Your goal:
In the records that follow, find the line containing "Platinum Baguette Diamond Ring" and the line containing "Унітаз-моноблок підлоговий Qtap", then transcribe both and every line between them exactly, omitting pictures.

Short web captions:
== Segment start ==

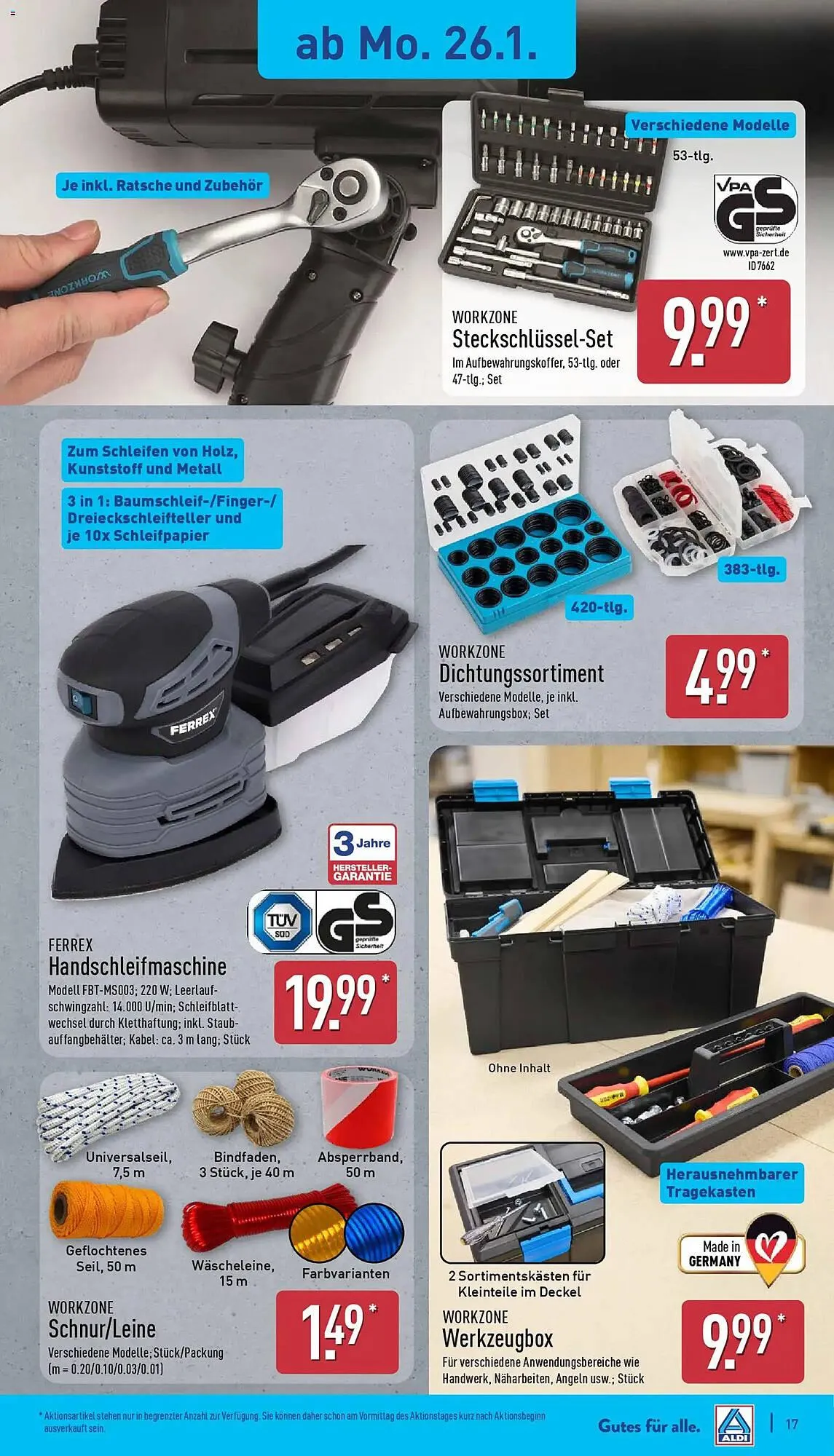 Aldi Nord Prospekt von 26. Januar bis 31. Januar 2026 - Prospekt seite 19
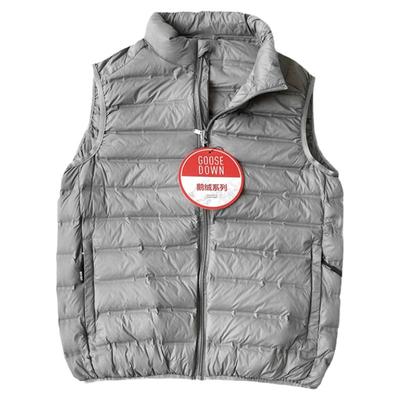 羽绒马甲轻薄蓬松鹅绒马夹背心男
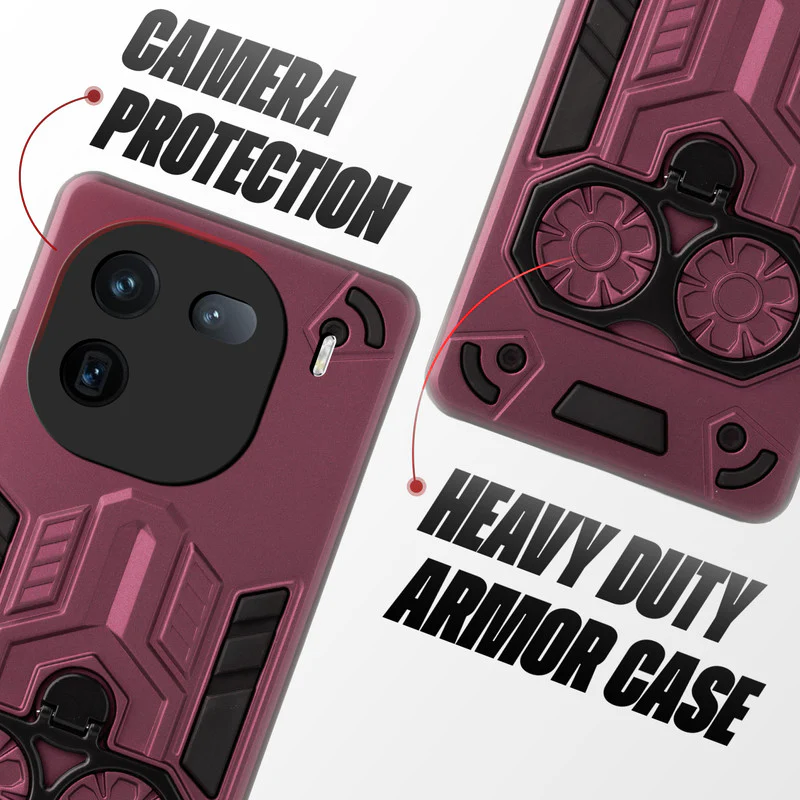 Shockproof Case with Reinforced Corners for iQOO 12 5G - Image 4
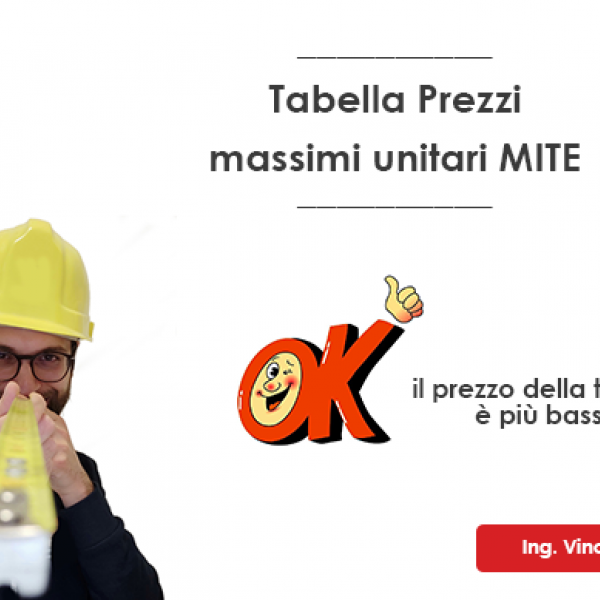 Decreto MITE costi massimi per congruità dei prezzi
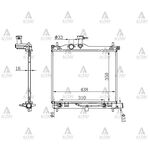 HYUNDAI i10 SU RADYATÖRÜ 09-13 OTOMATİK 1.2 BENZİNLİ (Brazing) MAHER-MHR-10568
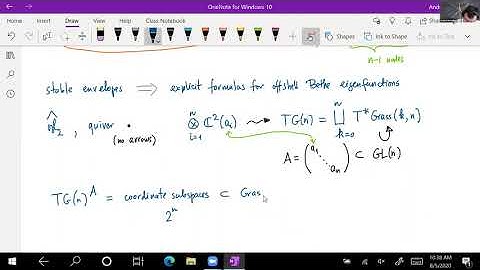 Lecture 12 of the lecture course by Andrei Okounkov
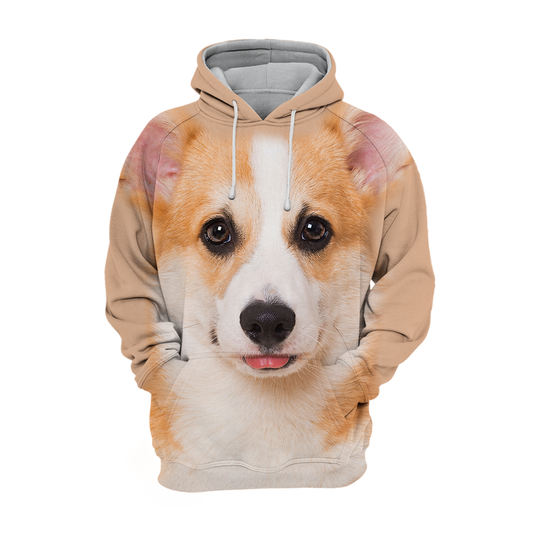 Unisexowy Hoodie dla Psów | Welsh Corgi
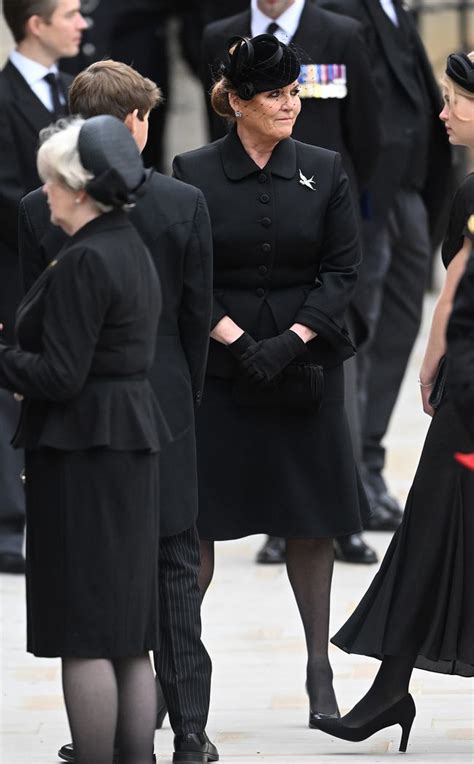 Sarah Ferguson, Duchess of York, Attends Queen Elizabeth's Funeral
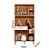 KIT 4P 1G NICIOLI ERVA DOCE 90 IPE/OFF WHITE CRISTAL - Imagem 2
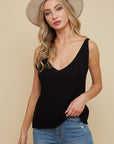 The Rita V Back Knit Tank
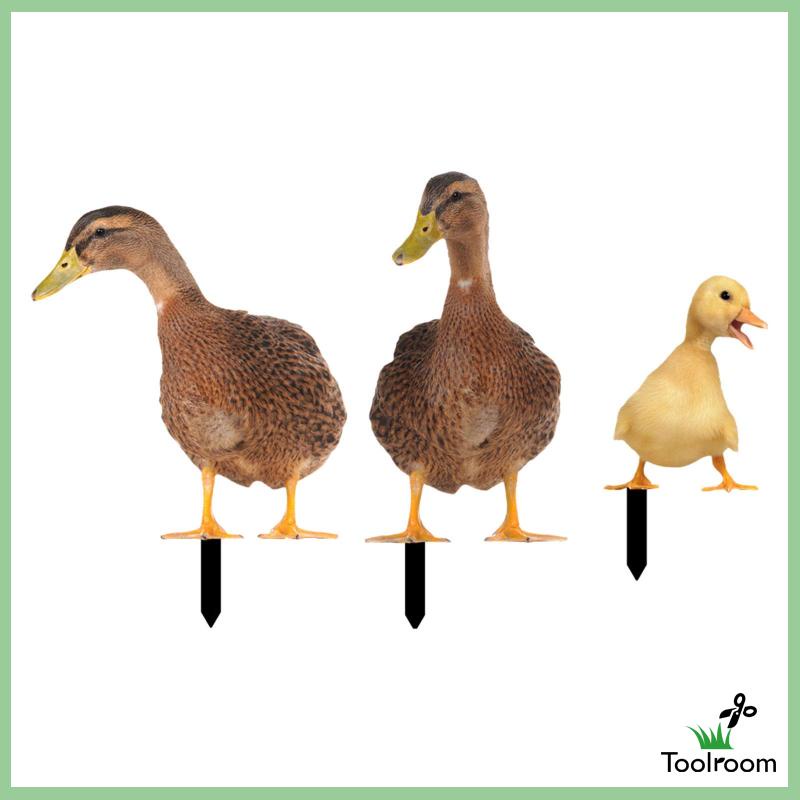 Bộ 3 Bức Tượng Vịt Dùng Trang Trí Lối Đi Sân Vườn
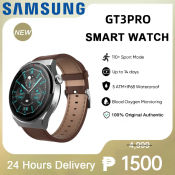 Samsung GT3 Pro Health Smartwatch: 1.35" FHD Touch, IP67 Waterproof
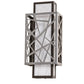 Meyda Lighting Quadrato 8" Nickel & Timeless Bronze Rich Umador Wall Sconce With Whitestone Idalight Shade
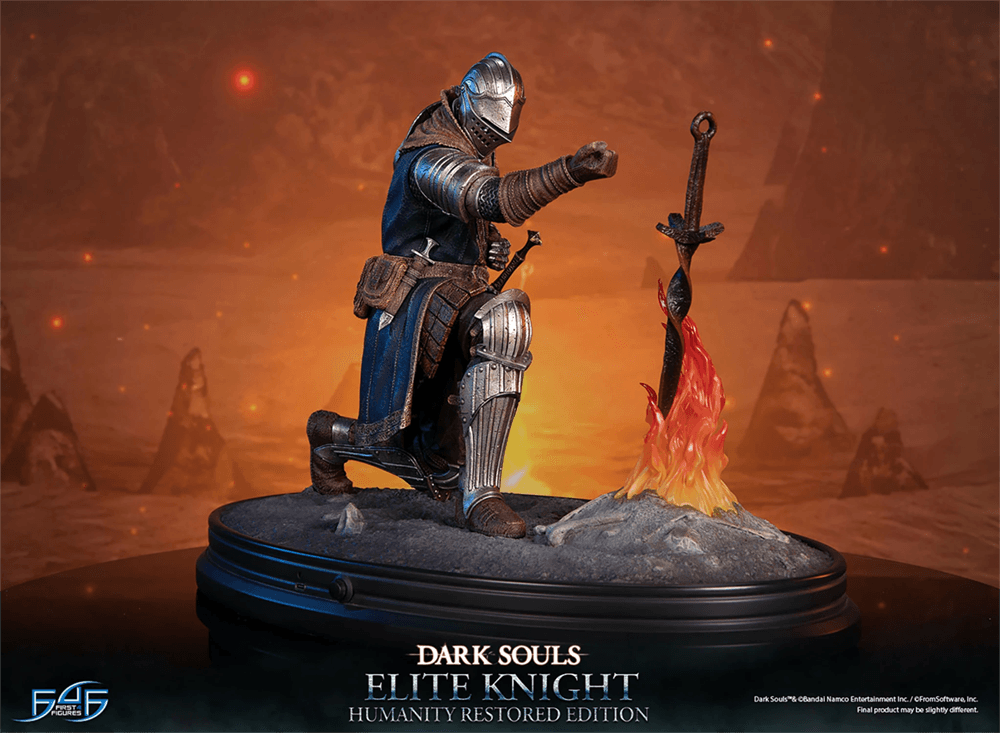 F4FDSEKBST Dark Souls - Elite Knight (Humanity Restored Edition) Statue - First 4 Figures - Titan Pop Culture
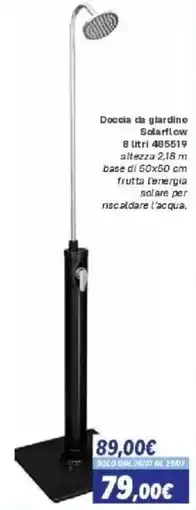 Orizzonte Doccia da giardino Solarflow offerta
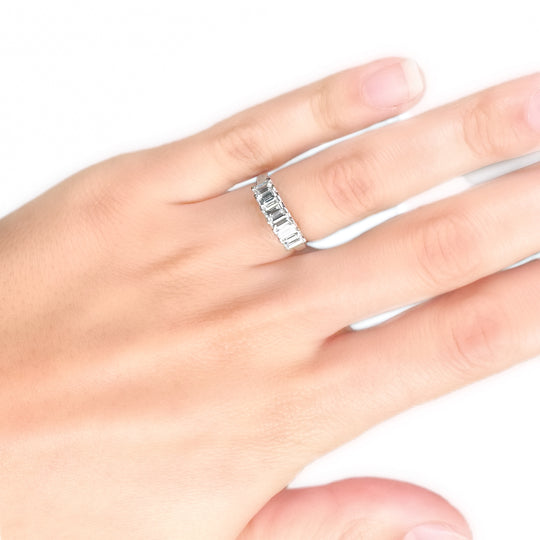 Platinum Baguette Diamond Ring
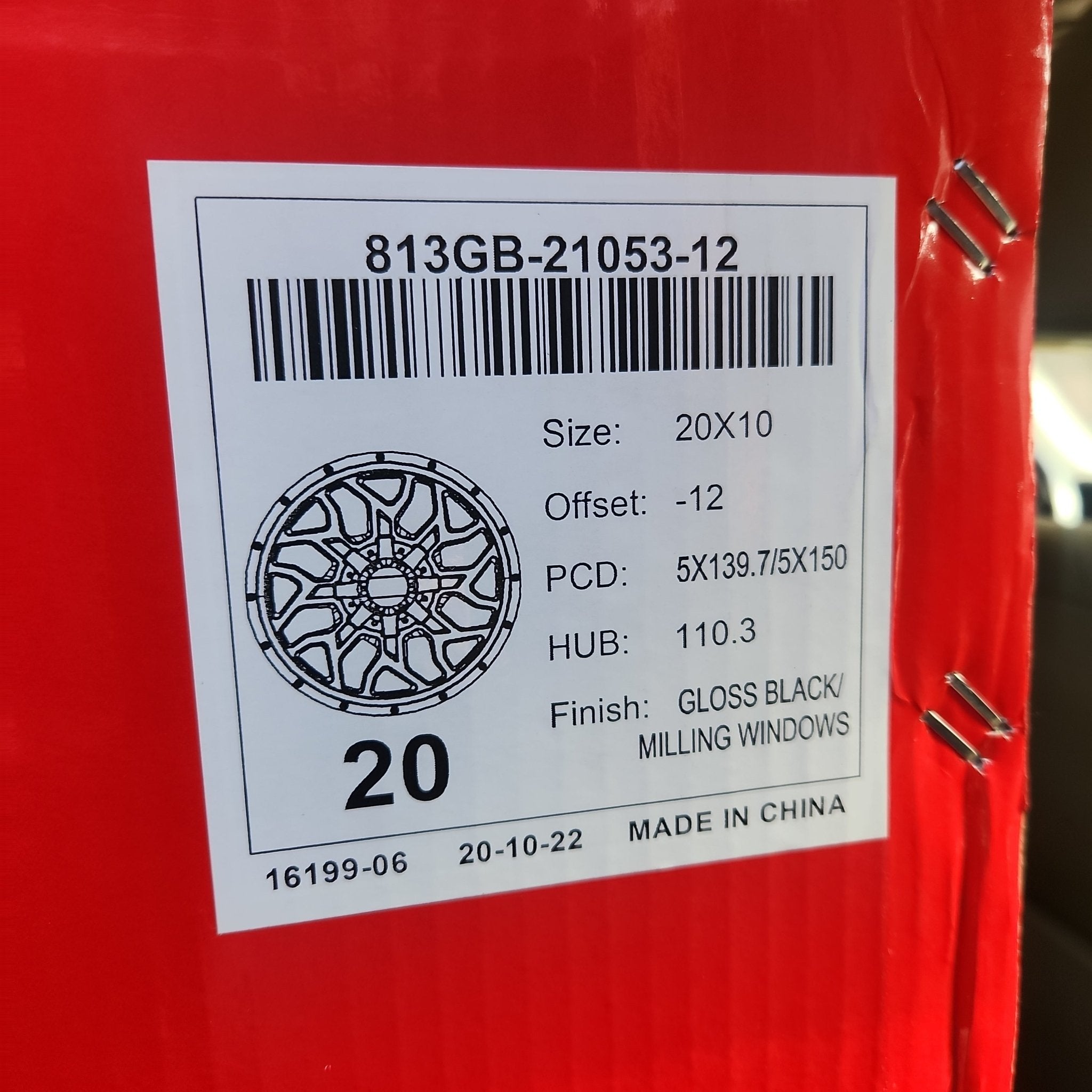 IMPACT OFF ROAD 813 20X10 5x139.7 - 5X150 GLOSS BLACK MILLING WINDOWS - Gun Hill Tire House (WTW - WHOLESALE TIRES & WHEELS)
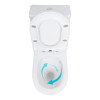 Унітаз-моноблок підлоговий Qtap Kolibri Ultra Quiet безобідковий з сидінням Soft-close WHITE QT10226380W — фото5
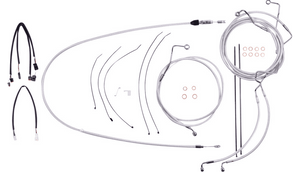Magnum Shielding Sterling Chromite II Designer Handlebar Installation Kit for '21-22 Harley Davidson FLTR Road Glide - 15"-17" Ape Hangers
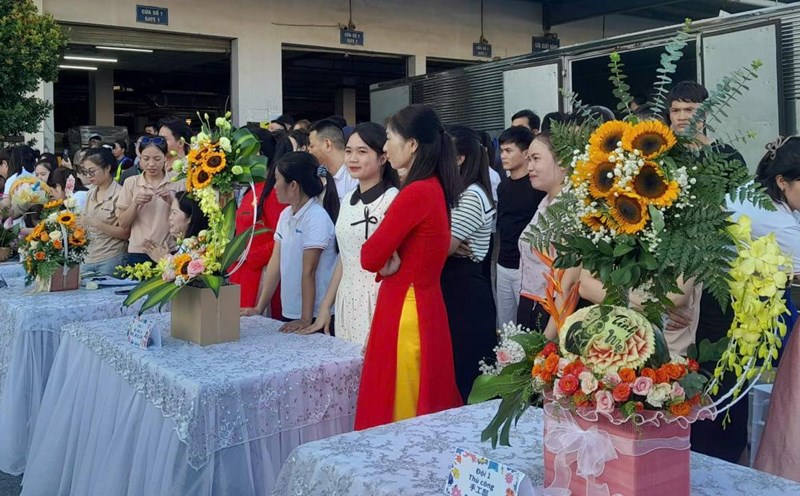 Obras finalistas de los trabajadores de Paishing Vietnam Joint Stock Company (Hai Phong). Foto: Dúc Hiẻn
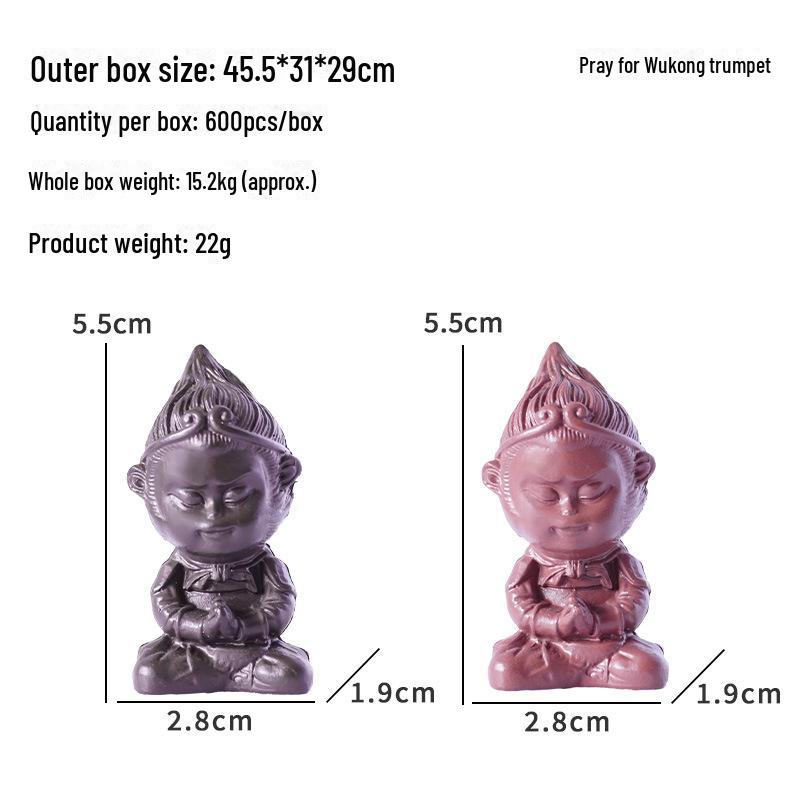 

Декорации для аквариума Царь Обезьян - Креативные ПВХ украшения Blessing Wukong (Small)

== Segment end ==

Answer to this task:
 Platinum Baguette Diamond Ring
 IMPACT OFF ROAD 813 20X10 5x139.7 - 5X150 GLOSS BLACK MILLING WINDOWS - Gun Hill Tire House (WTW - WHOLESALE TIRES & WHEELS)
 Унітаз-моноблок підлоговий Qtap Kolibri Ultra Quiet безобідковий з сидінням Soft-close WHITE QT10226380W — фото5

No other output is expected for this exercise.